Narcissistic personality disorder is a condition in which a person has an inflated sense of self-importance, need to be admired, and extreme self-involvement.
Causes & Risk Factors
How narcissistic personality develops in an individual is not known.
However, possible factors that have been proposed as causes include:
- Disturbed childhood e.g. extremely high expectations, neglect
Classification & Types
- Paranoid narcissists
- Craving narcissists
- Manipulative narcissists
- Phallic narcissists
Symptoms & Signs
Persons with narcissistic personality disorder usually have the following traits:
- Are self-obsessed
- Consider themselves better than others
- Seek constant admiration
- Like to be the centre of attraction
- Fantasize about unlimited power, success, love etc.
- Are often arrogant to others
- Lack empathy for others’ feelings
Diagnosis of Narcissistic Personality Disorder
The Diagnostic and Statistic Manual (DSM) for mental disorders has listed the following criteria for diagnosis of narcissistic personality disorder, at least 5 of which should be met:
- Grandiose sense of self-importance and exaggeration of own skills and achievements.
- Fantasy expectations towards improbable things like unlimited power, ideal beauty etc.

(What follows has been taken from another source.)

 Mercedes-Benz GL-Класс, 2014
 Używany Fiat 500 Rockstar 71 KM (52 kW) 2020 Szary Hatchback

- Expectation of admiration or praise for every small deed.
- Considering that one is extraordinary.
- Try to take advantage of others for achieving their own goals.
- Lack empathy towards others.
- Expect favorable treatment for themselves.

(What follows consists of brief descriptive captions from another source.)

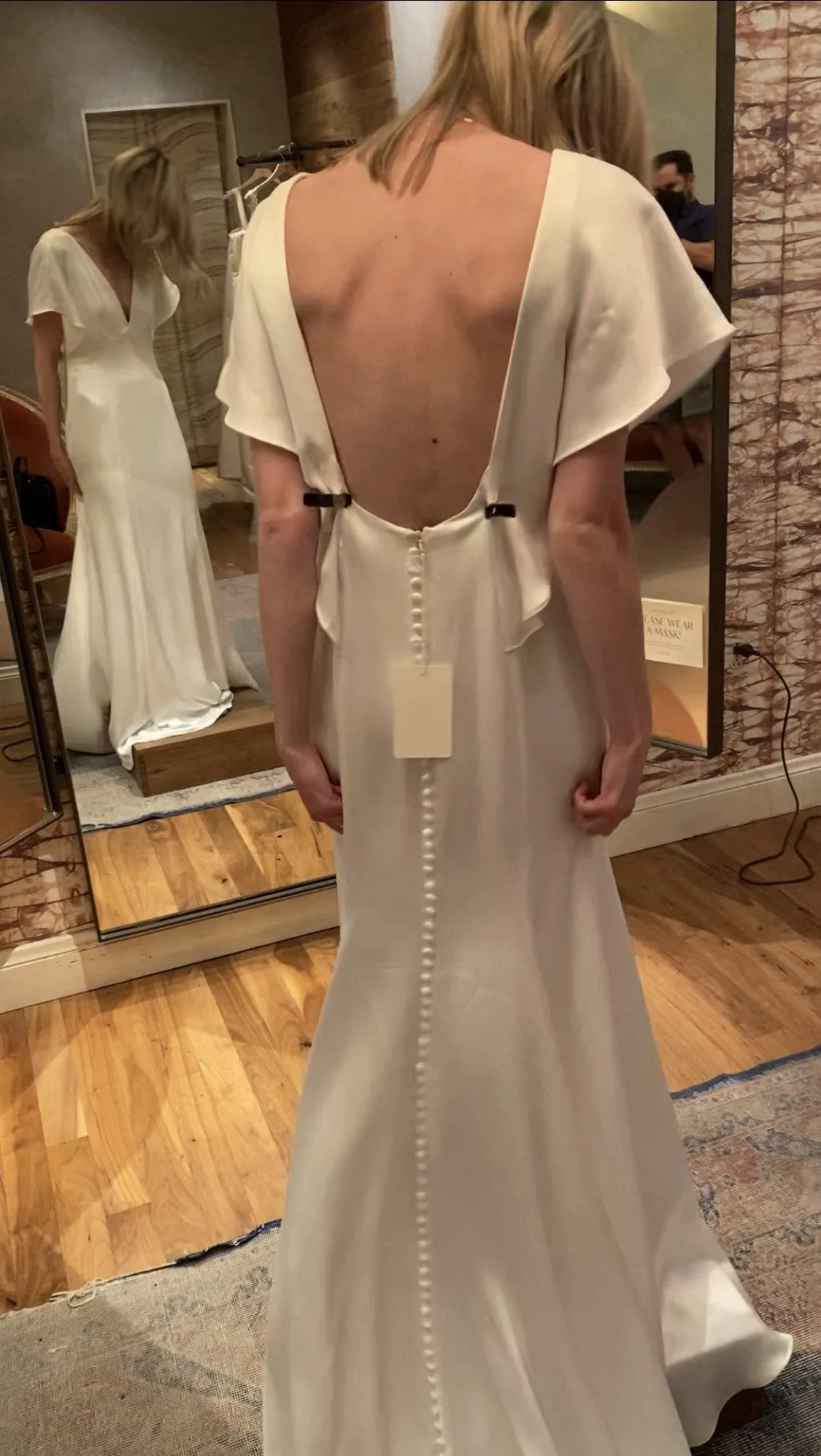 Final Few Jenny Yoo Beale Gown  Limited Availability!
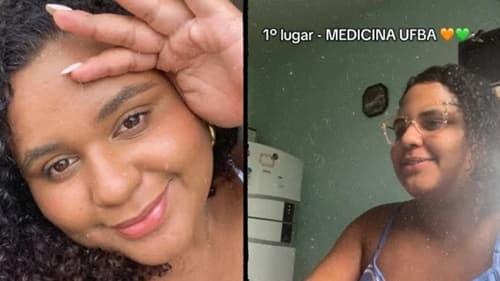 Estudante de Valente conquista 1º lugar em Medicina na UFBA após trajetória no BI em Saúde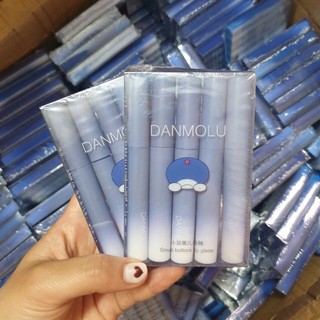 Set 5 son kem DANMOLU nội địa Trung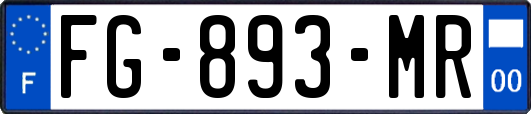 FG-893-MR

- Are jealous of others’ achievements.
- Are rude and arrogant.
References and Internet Links
- Blais MA, Smallwood P, Groves JE, Rivas-Vazquez RA. Personality and personality disorders. In: Stern TA, Rosenbaum JF, Fava M, Biederman J, Rauch SL, eds. Massachusetts General Hospital Clinical Psychiatry. 1st ed. Philadellphia, Pa: Mosby Elsevier;2008:chap 39.
- American Psychiatric Association. Diagnostic and Statistical Manual of Mental Disorders. 4th edition, text revised. Washington, DC: American Psychiatric Association, 2000.
- Coid, J.W. Aetiological Risk Factors for Personality Disorders. British Journal of Psychiatry 174, June 1999: 530-538.
Treatment of Narcissistic Personality Disorder
No medications have been recommended for the treatment of narcissistic personality disorder. Treatment is mainly based on psychotherapy.
The types of psychotherapy include the following:
Therapy sessions are required to be conducted for many years to effect any major change.
- Behavioural therapy
- Group therapy
- Family therapy
Prognosis of Narcissistic Personality Disorder
Prognosis of narcissistic personality disorder is not too bright. It is often not possible to change the personality traits, although, with prolonged psychotherapy, a few patients may develop empathy for others and lowered expectations from others
Complication of Disease
- Behind an overconfident exterior, narcissistic persons often hide a personality which is extremely vulnerable to any form of criticism. Such individuals may either hide their feelings or respond with rage and anger.
- Such patients are also prone to substance or alcohol abuse.
- The disease may also be complicated by other psychiatric problems such as eating disorders, depression and suicidal thoughts.
Representative Case Study
A 32 year old man presented with history of threatening his family with suicide. The incident was sparked when he was rebuked by his parents for not being able to hold on to a job. Further questioning revealed that the patient believed that no job was good enough for him. He was confirmed as a case of narcissistic personality disorder when he was seen to satisfy 7 of the 9 DSM criteria. The patient was started on psychotherapy. After prolonged psychotherapy, the patient’s family reported improvement in some though not all of his traits.